Reviewing memory requirements
One way of identifying the memory requirements of task is to look at what memory similar tasks have required. Job output logs include details about resource usage which includes the maximum memory used during the job run. For example, the following output is taken from a job output log file:
Resource usage summary:
CPU time : 1921.10 sec.
Max Memory : 30598 MB
Max Swap : 37025 MB
While a task is running it is possible to see how much memory is being used by running bjobs –l JobID and looking at the resource usage collected secion:
Tue Jan 29 14:10:40: Resource usage collected.
The CPU time used is 89 seconds.
MEM: 5 Gbytes; SWAP: 6 Gbytes; NTHREAD:6
For specific software apps, there are some useful profiling tools
- R - https://rstudio.github.io/profvis/ This is basically in built in R (studio) for users developing code and profiling memory requirements
- python - guppy for memory profiling
- java - Jconsole - https://docs.oracle.com/javase/8/docs/technotes/guides/management/jconsole.html
- matlab - only on windows, but might be useful if you want to port to HPC https://uk.mathworks.com/help/matlab/ref/memory.html
Requesting memory (rusage and -M)
The best practice when submitting a job is to ensure your job has appropriate resources available by requesting the amount of memory required.

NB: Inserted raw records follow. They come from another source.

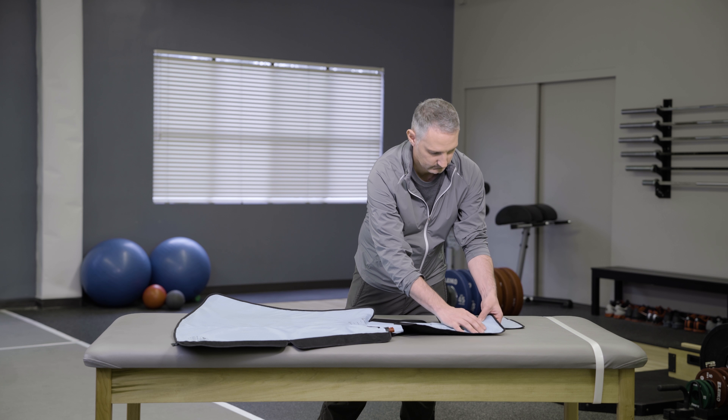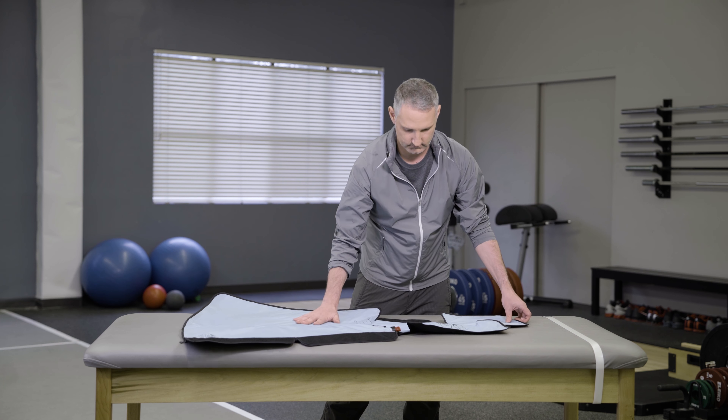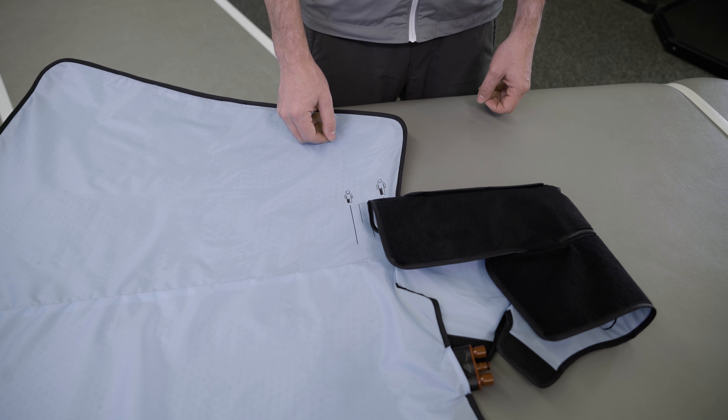Each full leg boot is designed to accommodate various inseam lengths. An assembled wrap comes ready to use with a standard length. You may adjust the length to be either longer or shorter.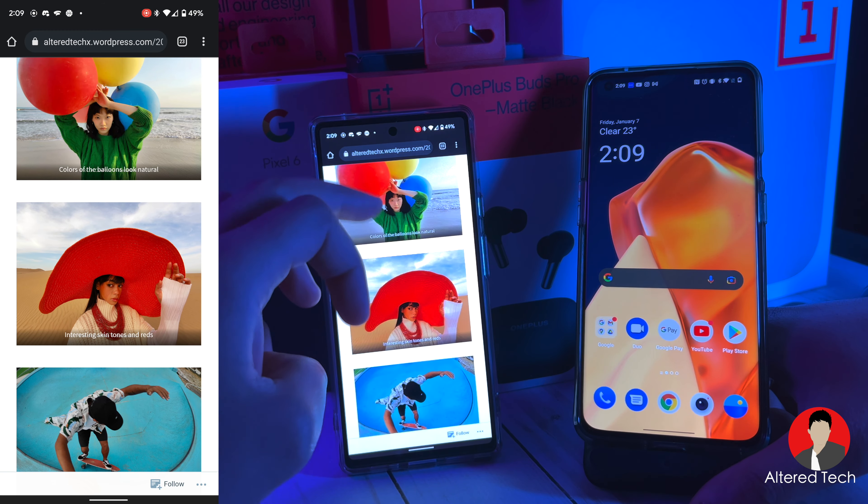There's also a new fisheye lens mode. Let me know what you think about that down in the comments. I don't really use fisheye lenses that much, but it'll be interesting to see how it performs — maybe it'll get me to take more photos with fisheye lenses. I'm going to keep an open mind on it.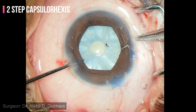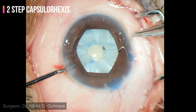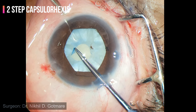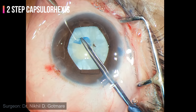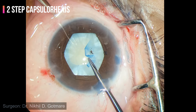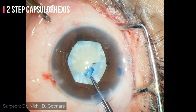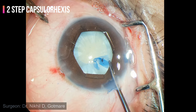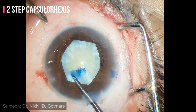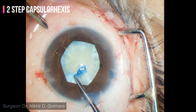Once the bag is sufficiently decompressed, a cut is given on the smaller rhexis using micro-scissors, and then using capsulorrhexis forceps, a larger rhexis is made. A cross-action CRF is preferred as it causes lesser viscoelastic loss. If the capsulorhexis is too small, it may result in post-operative capsulophimosis, so the aim is to achieve a capsulorhexis of around 5.5 mm. This will also prevent formation of posterior synechiae between the iris and anterior capsule post-operatively.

By including a memory resource request when submitting a job, the job scheduler can allocate your task appropriately to a compute node that has the available memory and make sure your job isn't vying with another.

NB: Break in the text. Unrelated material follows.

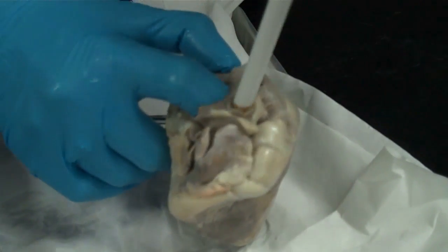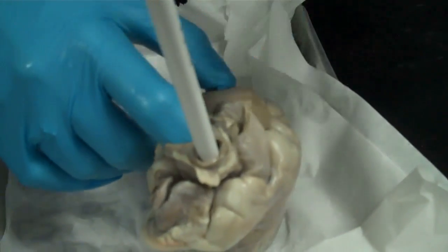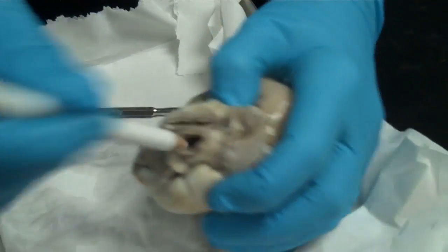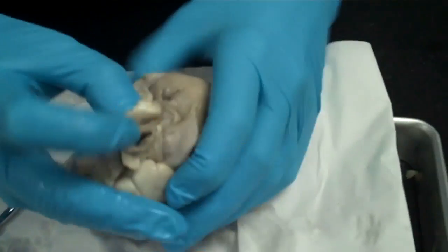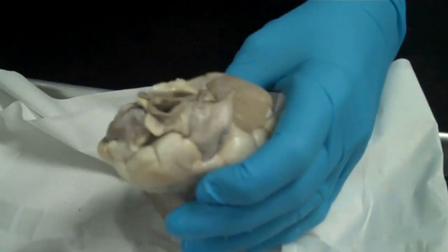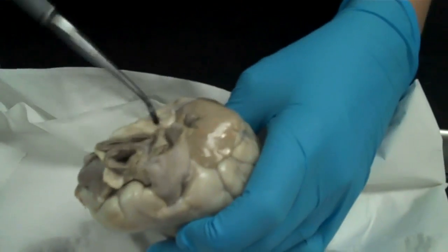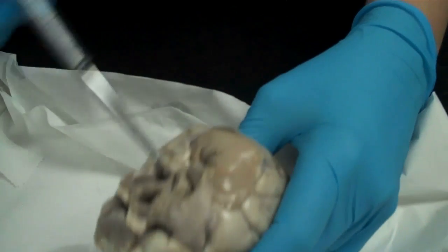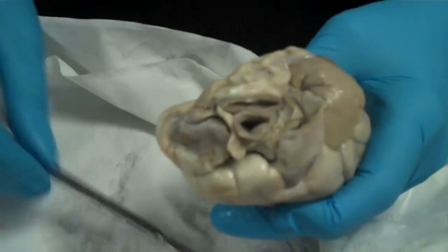This little branch of the aorta right there is called the brachiocephalic. On some hearts, if the aorta is cut too low, you don't see the brachiocephalic. But on this one, you can see the three vessels on the top of the heart: the pulmonary artery, the aorta, and the brachiocephalic.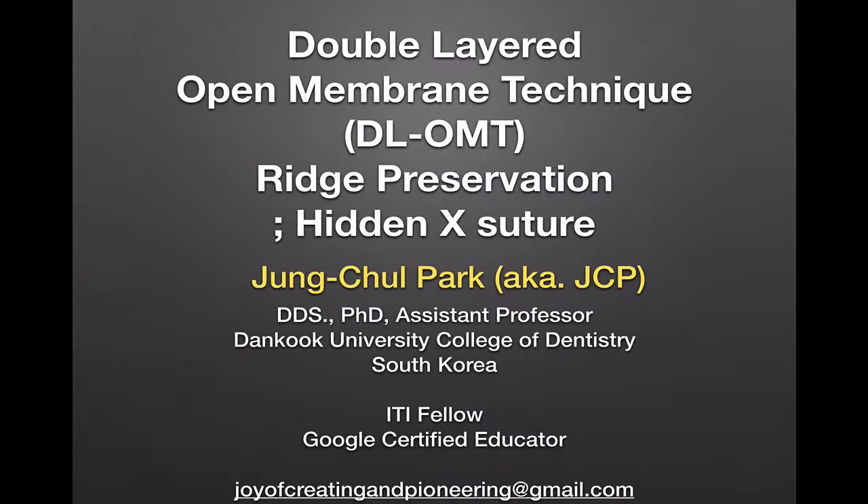Hi, my name is Jungchul Park. Today I will show you the technique called double-layered open membrane technique for ridge preservation using hidden X suture.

To request the required memory for your job in a job submission script, use something similar to that given below, which will allocate 4000 MB (or 4 GB) of RAM for your job.
#BSUB -R "rusage[mem=4000]"
Or from the command line:
bsub -R "rusage[mem=4000]"
To ensure that your job does not exceed a specific memory usage and potentially cause instability to other jobs on the host, it is possible to include a memory limit at which point the job will automatically be terminated. The example below, if used, will kill the job if the memory usage reaches 4000 MB (6GB). It is recommended that the job is always killed once the memory usage matches the memory resource requested.
#BSUB -M 4000
Or at from the command line:
bsub -M 4000
The following message will be in the job output file when a job is terminated for using too much memory:
TERM_MEMLIMIT: job killed after reaching LSF memory usage limit.

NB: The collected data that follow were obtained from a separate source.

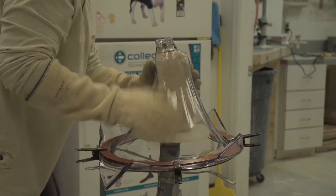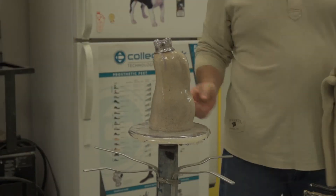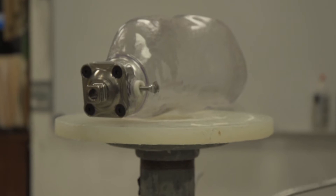Then we go from there to pulling some plastic over it and vacuum forming it to make a test socket — something I can see through to make sure that nothing's rubbing or bumping. I'll have the patient walk in it a little bit just to check it out, make sure everything's all good. If that works out, I take that test socket, fill it with plaster, and then do a final lamination.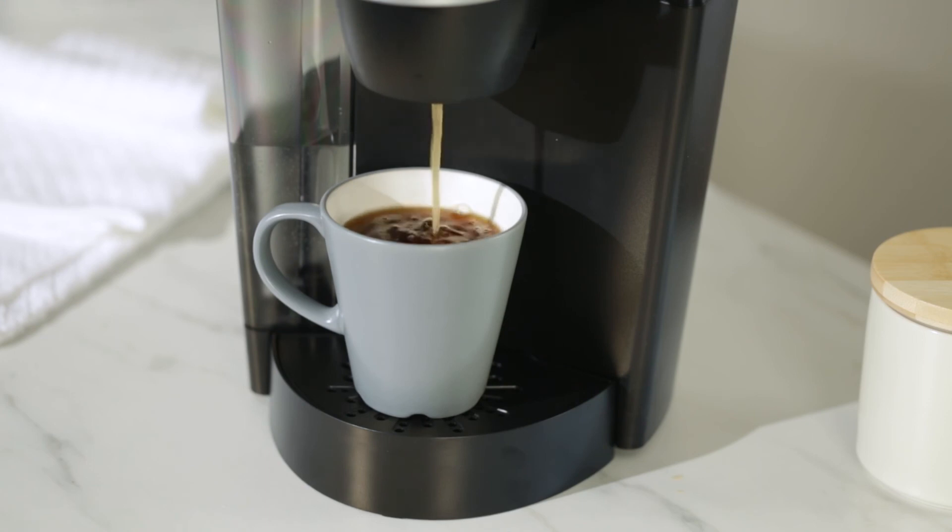Now you can enjoy your own ground coffee, your way, with the Keurig My K-Cup Universal Reusable Coffee Filter. If you have additional questions, just contact us at keurig.com or call 1-866-901-BREW.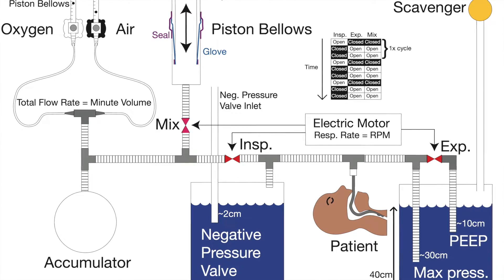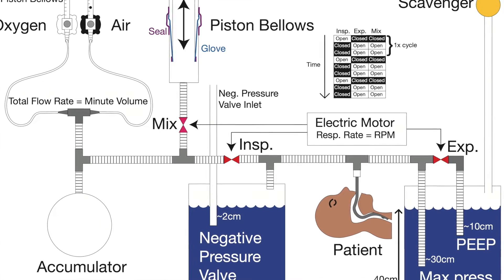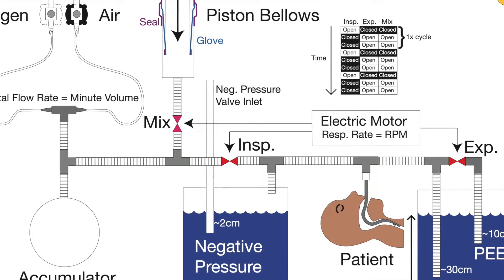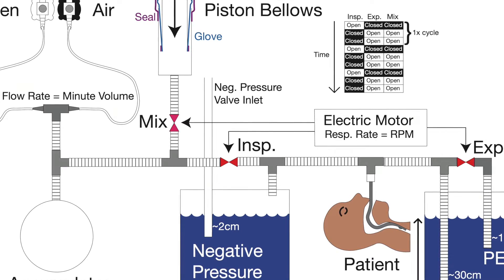Here is a diagram of how that second prototype works. It differs because it uses an accumulator and also uses a piston bellows. It's very efficient and has a very simple mechanism for determining the respiratory rate, which is just the RPM of the electric motor.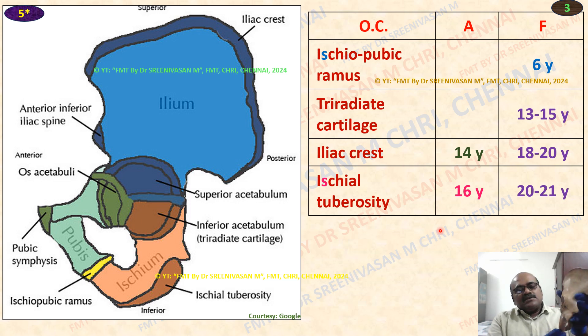Then lastly, the ischium tuberosity. As you are seeing here clearly, the ischium tuberosity is like the iliac crest — a very thin blade overlying the ischium — that appears at 16 years, with fusion at 20 to 21 years. This is the last one to fuse, one year later than the iliac crest. So the ischiopubic ramus fuses first at 6 years.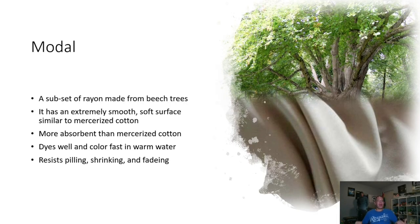A subset of rayon is a fiber called modal. Instead of mulberry tree — which is common for rayon — modal is made from the beech tree. It has very similar characteristics: very smooth and soft, similar to mercerized cotton. It's very absorbent, dyes well, and is colorfast in warm water, making it easy to wash. It also resists pilling, shrinking, and fading, making it a very versatile fabric.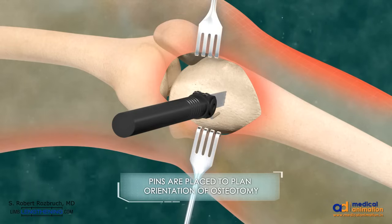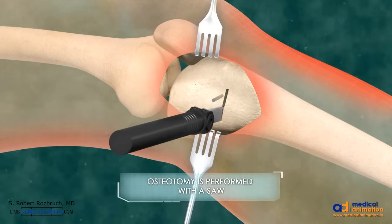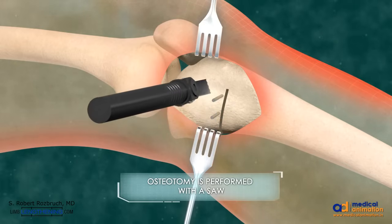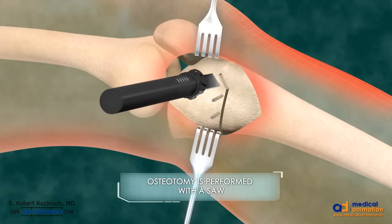The osteotomy is started on the medial side and follows the orientation of the pins. The anterior part of the osteotomy is oblique, so as to avoid the tibial tubercle. The lateral cortex is not cut.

Requesting additional memory for an interactive job
The following example would start an interactive session, 6GB of memory and terminate at 6GB
interactive -R "rusage[mem=6000]" -M 6000
Requesting too much memory
It is important to make sure your memory resource request is appropriate; otherwise your job may not be allocated. For example, requesting too much memory (e.g. more than is available on a host) may result in your job pending for a long period as no node can satisfy the resource request. If you have included a memory resource and find your submitted job remains pending, check with bjobs –l JobID for the pending reason; the following message indicates the resource requirement cannot currently be met by any hosts.
Job requirements for reserving resource (mem) not satisfied: 1 host;
Parallel and Array
When requesting memory for parallel or array tasks, please consider the following points:
- In an array job, each element of the array is treated independently, which means memory resource requests and memory limit work on each element of the array separately. For example, if an array job of 10 elements is submitted with a memory limit of 4G each element will continue running while the memory usage is below 4G. Any element that exceeds 4G will be terminated, however leaving the other elements to continue running
- In a parallel job, the memory resource request and memory limit are treated on the overall task. For example, a parallel job with 8 tasks submitted with a memory limit of 4G will terminate when the combined memory usage exceeds 4G (e.g. 500MB per task).